A28 is currently raising a $25 million Series A financing to conduct a Phase 2 clinical trial using the new assay, a higher dose, and targeting hepatocellular carcinoma with the expectation of achieving proof of concept and eventually moving to a registrational trial to garner FDA accelerated approval.
The company is exploring all financing options, including family offices, and high net worth individuals, which Lewis feels is their sweet spot.
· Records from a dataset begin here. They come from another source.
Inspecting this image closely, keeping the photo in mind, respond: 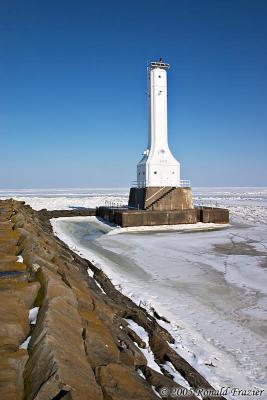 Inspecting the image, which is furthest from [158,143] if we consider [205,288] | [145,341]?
[145,341]

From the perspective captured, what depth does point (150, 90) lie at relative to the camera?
78.5ft

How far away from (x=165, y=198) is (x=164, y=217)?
1530 millimetres

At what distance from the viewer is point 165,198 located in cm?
2162

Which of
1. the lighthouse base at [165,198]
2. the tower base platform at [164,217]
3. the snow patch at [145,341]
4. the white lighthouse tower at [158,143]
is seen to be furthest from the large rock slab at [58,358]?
the white lighthouse tower at [158,143]

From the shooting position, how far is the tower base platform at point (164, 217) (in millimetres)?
19797

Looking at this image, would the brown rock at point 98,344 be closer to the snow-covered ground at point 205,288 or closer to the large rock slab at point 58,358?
the large rock slab at point 58,358

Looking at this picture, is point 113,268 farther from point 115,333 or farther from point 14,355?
point 14,355

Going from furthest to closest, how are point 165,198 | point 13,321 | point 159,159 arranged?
1. point 159,159
2. point 165,198
3. point 13,321

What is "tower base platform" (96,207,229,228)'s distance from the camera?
19.8m

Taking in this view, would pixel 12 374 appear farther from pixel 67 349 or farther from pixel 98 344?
pixel 98 344

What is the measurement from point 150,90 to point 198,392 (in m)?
22.4

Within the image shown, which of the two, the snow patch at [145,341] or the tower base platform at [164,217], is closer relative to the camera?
the snow patch at [145,341]

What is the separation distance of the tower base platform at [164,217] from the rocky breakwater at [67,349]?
14627mm

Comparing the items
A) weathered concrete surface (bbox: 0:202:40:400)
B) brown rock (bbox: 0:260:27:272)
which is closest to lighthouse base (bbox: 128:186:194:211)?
weathered concrete surface (bbox: 0:202:40:400) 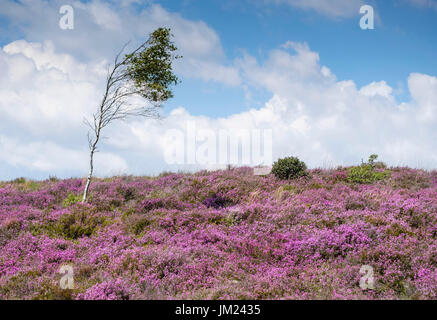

“I think that really matters because our message is not just about efficacy, which gets venture capitalists really excited,” he says. “Our message is also about safety. It's also about tolerability. It's about a medication that you can give to patients and have them shrink their tumors, live longer, and tolerate the medicine at the same time. Our vision for our company is a world where we don't fear cancer or its treatments. And often this message will resonate strongly with family offices because they tend to be more balanced between their desire for return and their desire for impact.”
The company is also positioning AT-101 to be an adjunct therapy to immunotherapies even though it has potential as a stand-alone therapy. Lewis says it could be a winning combination. “In our future clinical trials, we will test AT-101 with checkpoint inhibitors,” he says. “It has no overlapping toxicities with other medications that are being given for the treatment of cancer now, including chemotherapies, oncolytic viruses, the ADCs, etc. Our drug appears to play very well in the sandbox with other medications.”
Partnering is another avenue for financing, especially globally, since the company’s lead indication, hepatocellular carcinoma, is an orphan indication in the U.S. but the second leading cause of cancer death in Asia.
A28 recently joined the Bioneex matchmaking platform, primarily because it has partnered with the AI company GATC Health, which analyzes molecules and predicts how they will do in future trials. AT-101 had already scored high on GATC’s platform, and Bioneex suggested that since it already had the AI assessment done, why not list on Bioneex where A28 would be designated as having undergone the AI analysis, which could enhance its visibility to investors. Lewis says the listing is already bearing results.
“At some point we feel very strongly that this is a treatment that should be explored and given the opportunity to demonstrate its potential,” says Lewis. “When you've got the right tumor, the right dose, and you've got an assay that can select the right patients, we are confident in the outcome. And in the process, we can change the paradigms of cancer care.”